Extracted records
★ ★ ★
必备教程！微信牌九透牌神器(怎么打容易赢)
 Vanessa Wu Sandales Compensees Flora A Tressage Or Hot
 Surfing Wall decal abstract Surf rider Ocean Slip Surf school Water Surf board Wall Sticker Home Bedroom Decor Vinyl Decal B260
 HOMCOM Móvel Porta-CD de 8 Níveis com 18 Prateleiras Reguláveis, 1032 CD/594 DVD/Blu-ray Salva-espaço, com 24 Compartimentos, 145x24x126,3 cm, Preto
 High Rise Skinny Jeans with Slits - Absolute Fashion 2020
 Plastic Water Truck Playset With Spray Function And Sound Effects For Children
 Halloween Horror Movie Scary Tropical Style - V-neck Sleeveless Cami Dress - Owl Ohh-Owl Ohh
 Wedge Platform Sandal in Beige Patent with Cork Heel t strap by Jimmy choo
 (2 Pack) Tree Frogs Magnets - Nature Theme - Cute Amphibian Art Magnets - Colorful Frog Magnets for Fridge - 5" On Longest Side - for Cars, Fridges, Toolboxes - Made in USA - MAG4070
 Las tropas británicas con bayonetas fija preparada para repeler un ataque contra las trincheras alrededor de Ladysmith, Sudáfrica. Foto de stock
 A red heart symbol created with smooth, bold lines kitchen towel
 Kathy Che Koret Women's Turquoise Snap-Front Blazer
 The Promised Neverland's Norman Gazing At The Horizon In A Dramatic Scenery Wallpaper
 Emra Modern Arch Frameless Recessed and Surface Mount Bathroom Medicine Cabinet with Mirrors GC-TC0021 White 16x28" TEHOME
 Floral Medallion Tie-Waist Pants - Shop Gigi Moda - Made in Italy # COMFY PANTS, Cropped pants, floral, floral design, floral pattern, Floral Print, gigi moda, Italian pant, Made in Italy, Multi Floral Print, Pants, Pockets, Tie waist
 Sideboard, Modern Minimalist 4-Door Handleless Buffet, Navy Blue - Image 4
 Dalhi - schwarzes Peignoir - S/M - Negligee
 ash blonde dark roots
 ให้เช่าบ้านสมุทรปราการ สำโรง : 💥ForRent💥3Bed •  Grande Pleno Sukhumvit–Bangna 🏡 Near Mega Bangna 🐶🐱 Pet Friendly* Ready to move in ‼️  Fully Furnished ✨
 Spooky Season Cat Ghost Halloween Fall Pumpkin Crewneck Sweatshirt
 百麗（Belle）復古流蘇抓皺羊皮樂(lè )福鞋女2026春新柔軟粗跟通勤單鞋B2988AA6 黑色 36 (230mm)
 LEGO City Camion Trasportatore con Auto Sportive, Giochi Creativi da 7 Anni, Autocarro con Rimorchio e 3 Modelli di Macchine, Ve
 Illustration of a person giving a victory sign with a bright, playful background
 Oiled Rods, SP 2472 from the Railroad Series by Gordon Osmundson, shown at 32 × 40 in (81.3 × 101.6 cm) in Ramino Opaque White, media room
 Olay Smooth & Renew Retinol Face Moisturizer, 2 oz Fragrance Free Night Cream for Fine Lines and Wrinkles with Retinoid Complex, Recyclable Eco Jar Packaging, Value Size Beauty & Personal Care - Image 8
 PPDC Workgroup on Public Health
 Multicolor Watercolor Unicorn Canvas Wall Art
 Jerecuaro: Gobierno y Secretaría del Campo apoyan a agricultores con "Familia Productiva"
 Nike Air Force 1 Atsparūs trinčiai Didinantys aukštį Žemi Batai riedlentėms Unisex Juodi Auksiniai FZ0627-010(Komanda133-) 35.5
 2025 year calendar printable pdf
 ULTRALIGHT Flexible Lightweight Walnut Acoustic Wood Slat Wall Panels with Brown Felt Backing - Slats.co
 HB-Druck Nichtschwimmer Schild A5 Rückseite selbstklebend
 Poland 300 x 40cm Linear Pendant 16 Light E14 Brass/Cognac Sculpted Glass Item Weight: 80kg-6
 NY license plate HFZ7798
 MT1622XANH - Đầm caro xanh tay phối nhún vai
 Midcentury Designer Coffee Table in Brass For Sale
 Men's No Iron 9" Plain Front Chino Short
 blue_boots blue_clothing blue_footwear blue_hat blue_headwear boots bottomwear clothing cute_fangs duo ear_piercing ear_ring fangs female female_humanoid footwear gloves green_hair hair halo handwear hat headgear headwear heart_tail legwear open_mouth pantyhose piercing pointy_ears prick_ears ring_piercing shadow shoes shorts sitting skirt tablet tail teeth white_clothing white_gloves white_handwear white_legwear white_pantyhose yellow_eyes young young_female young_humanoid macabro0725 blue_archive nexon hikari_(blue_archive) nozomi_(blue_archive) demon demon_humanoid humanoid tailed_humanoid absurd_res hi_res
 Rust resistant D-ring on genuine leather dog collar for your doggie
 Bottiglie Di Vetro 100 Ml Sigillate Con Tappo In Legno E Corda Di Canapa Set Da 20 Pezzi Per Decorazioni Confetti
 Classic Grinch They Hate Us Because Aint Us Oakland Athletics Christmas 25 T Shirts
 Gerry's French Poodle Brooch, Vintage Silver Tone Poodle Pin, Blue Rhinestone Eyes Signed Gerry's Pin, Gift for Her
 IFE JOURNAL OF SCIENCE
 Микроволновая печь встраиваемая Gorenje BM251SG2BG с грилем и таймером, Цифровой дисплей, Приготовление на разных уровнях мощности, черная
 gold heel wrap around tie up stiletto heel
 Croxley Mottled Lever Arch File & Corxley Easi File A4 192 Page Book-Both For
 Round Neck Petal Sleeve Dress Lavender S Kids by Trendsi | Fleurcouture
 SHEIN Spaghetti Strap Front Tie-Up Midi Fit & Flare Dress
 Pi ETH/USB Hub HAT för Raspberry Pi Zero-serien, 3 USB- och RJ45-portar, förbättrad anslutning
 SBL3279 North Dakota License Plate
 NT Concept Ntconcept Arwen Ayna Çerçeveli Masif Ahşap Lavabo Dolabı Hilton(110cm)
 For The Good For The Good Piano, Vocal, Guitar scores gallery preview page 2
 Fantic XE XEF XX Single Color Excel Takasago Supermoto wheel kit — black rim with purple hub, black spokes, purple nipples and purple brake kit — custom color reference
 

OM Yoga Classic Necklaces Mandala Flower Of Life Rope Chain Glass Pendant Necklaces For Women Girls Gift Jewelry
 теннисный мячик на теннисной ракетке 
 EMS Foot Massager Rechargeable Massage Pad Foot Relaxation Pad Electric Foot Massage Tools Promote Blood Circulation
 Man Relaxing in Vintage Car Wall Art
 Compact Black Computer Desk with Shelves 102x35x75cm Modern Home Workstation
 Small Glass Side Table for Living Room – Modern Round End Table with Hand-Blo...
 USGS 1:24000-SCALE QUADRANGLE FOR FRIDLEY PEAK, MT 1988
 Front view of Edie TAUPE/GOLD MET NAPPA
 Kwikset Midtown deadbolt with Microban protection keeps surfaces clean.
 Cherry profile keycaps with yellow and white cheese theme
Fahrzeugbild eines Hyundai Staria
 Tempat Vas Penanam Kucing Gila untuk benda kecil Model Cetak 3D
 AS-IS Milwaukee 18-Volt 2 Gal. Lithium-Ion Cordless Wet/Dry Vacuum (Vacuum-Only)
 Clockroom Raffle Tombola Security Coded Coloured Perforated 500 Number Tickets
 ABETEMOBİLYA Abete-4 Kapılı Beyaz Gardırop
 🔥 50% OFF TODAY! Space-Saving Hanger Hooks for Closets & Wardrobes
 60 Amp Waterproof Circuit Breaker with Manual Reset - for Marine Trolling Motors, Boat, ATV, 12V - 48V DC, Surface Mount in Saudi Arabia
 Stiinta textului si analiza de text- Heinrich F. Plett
★ ★ ★
Directions for this task
The lines you need are those containing "Pendant"; find them in the records and copy them.

Written reply
 Poland 300 x 40cm Linear Pendant 16 Light E14 Brass/Cognac Sculpted Glass Item Weight: 80kg-6
OM Yoga Classic Necklaces Mandala Flower Of Life Rope Chain Glass Pendant Necklaces For Women Girls Gift Jewelry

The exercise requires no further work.